Immer wieder ist auch von einem geschlechtsspezifischen Unterschied die Rede, wenn es um die Mathematikleistung geht. Doch eine neue Studie zeigt: Mädchen und Jungen haben die gleichen mathematischen Fähigkeiten. Das berichtet das Magazin „Cordis“ der Europäischen Union. Ein Wissenschaftlerteam fand heraus, dass die Gehirne von Jungen und Mädchen gleich aufgebaut sind und eine gleichwertige mathematische Begabung aufweisen. Das Forschungsteam verwendete einen Magnetresonanztomografen, um die Hirnaktivität von 104 Kindern im Alter zwischen drei und zehn Jahren zu messen, von denen 55 Mädchen waren. Es wurde ein Unterrichtsvideo angeschaut, das Konzepte der Mathematik wie Zählen und Addieren erläuterte. Das Team verglich daraufhin alle Ergebnisse.
Um die Hirnaktivität der Kinder mit der von Erwachsenen zu vergleichen, luden die Neurowissenschaftler 38 Männer und 25 Frauen ein, um sich dieselben Videos anzuschauen. Die Ergebnisse zeigen, dass es zwischen den Hirnfunktionen oder der Hirnentwicklung der Kinder keinen Unterschied gab. Die Gehirne der Jungen und Mädchen waren gleichermaßen aktiv, verarbeiteten die Informationen auf die gleiche Weise und offenbarten keine wesentlichen Unterschiede.

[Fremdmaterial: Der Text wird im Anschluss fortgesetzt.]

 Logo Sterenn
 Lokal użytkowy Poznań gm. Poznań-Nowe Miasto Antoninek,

Das Team analysierte zudem die Ergebnisse eines von 97 Kindern im Alter zwischen drei und acht Jahren, von denen 50 Mädchen waren, durchgeführten Test der mathematischen Fähigkeiten. Beide Geschlechter zeigten unabhängig vom Alter eine gleich gute Leistung.

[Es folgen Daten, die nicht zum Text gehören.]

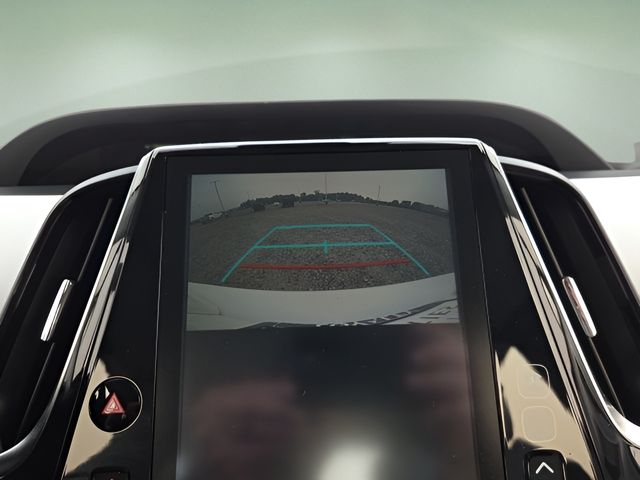 Used 2019 Toyota Prius Hatchback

„Die Wissenschaft orientiert sich nicht am Volksglauben“, sagte die leitende Autorin Jessica Cantlon, Professorin für Entwicklungsneuropsychologie an der Carnegie Mellon University in den Vereinigten Staaten. „Wir sehen, dass sich die Hirnfunktionen der Kinder unabhängig vom Geschlecht ähneln, sodass wir hoffentlich die Erwartungen über die Leistungen von Kindern in der Mathematik neu ausrichten können.“
Werden Mädchen und junge Frauen von Gesellschaft und Kultur aufgrund vorgefasster Vorstellungen zu den mathematischen Fähigkeiten von den MINT-Disziplinen ferngehalten? Schnappen Kinder die unterbewussten Hinweise von Lehrkräften und Familien zu den Erwartungen an ihre Fähigkeiten auf?

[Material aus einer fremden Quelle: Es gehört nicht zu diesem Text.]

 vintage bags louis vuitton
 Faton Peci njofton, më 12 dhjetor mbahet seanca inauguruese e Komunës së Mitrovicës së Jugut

„Die typische Sozialisierung verschärft kleine Unterschiede zwischen Jungen und Mädchen, die zu einem Schneeball für unseren Umgang mit ihnen in Naturwissenschaft und Mathematik werden können“, erklärte Prof. Cantlon. „Wir müssen uns dieser Ursprünge bewusst werden, um sicherzustellen, dass wir nicht diejenigen sind, die geschlechtsspezifische Ungleichheiten verursachen.“
„Es ist nicht einfach so, dass Jungen und Mädchen dasselbe Mathematiknetzwerk auf die gleiche Weise nutzten, sondern dass sich Ähnlichkeiten im gesamten Gehirn offenbarten“, berichtete die leitende Autorin Alyssa Kersey, Postdoktorandenstipendiatin am Fachbereich für Psychologie der Universität Chicago, „Newsweek“. „Dies ist eine wichtige Erinnerung daran, dass der Mensch mehr Gemeinsamkeiten als Unterschiede aufweist.“
Die Forschung baut auf den Studienergebnissen von Prof. Cantlon und ihrem Team aus dem Jahr 2018 auf. Es wurden Testleistungsdaten von 500 Mädchen und Jungen untersucht. Im Hinblick auf deren frühe quantitative oder mathematische Fähigkeiten wurden keine Unterschiede festgestellt. Dies legte nahe, dass Jungen und Mädchen in der frühen Kindheit gleichermaßen dazu fähig sind, mathematische Überlegungen anzustellen.